Big carnivore population, restricted to a single site, face a variety of extinction threats from poaching, intentional killing and environmental factors. Catastrophes, such as an epidemic or fatal disease, remain the main factors for loss of species. Reintroduction of the last free-ranging population of Asiatic lions to an alternative site to ensure their long-term viability became a major conservation agenda. Considering this, the first trial to introduce Asiatic lion in Chandra Prabha Sanctuary in Varanasi was done in 1959 by translocating few lions but the experiment failed after initial success.
Subsequently, the Gujarat State Government ordered the Barda Wildlife Sanctuary in 1979 to establish an alternative for the Asiatic lion, but the decision remains on paper due to lack of a bold decision by the authority. Subsequently, after a long exercise, Kuno Wildlife Sanctuary (Kuno WLS) in Madhya Pradesh has been identified as an alternative site. After a long legal battle in the Supreme Court, decision went in favour of Kuno Wildlife Sanctuary, but even five years after the decision, it has not been implemented.
The climate of the alternative site is a major issue which needs examination before the translocation of the animals there. The lion evolved and flourished in temperate and sub-tropical environment, and the climate changes, especially temperature variations, impacted its migration, dispersion and distribution in Europe, Asia and Africa since it evolution.
Review of climatic parameters of past and present lion areas across the three continents indicate that the lion perhaps never flourished in hot tropical environment, and lion habitats may have a high risk of extreme temperature in the hot summer. At present, major populations continue to survive in sub-tropical environment in over two dozen countries, and in small populations in temperate and moderate tropical climate in Africa.
In India, temperature of the Asiatic lion distribution range in tropical climate is around the Gir forest. The shelter of evergreen riverine vegetation along the seven perennial or semi-perennial rivers and Prosopis cover along Shatrunji river or along the coast provide cool environment for the lions. Alternative site for lion in very hot environment of the Kuno WS in the Vindhyayan region is debatable. The logic of the survival of the lion in the north-west India 150 ago in Mini Ice Age (1300 AD to 1850 AD) does not hold ground.
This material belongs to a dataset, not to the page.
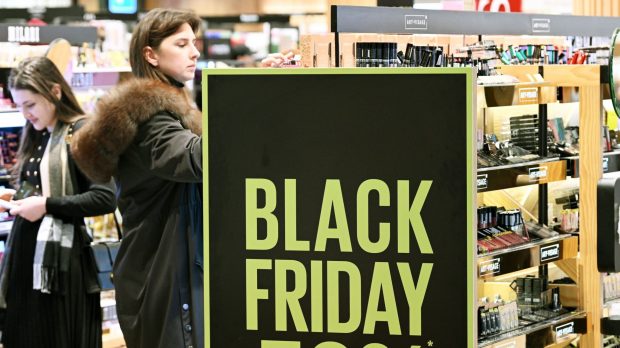 Capcanele campaniei de Black Friday. „Oamenii pot folosi cumpărăturile ca pe o modalitate de a evada din problemele cotidiene”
Disappearance of the lion outside Gujarat coincide with the end of the Mini-Ice Age when average temperature in north India was lower than the present temperature. In fact, climate then in the north India was near subtropical. The distribution of the Asiatic lion since its entry in India to the present need examination with respect to the climate.
In background of these facts, the Government has few options which should be undertaken to minimise threat factors which can cause the extinction of the sub-species. First, the science of genetics, forensic and virology should be used intensively for long-term conservation of the lion. Second, satellite areas should be managed in line of Gir protected area by enhancing administrative staff and restoring habitats. Third, an alternative site for the lions should be developed without delay. Barda Sanctuary is one of the good option. Success in this case is high because similar type of administration, with all facilities and know-how, can be transplanted there. If it is not done shortly or not possible due to some reason, the Government should not hesitate to develop an alternative site far away from the Gir forest.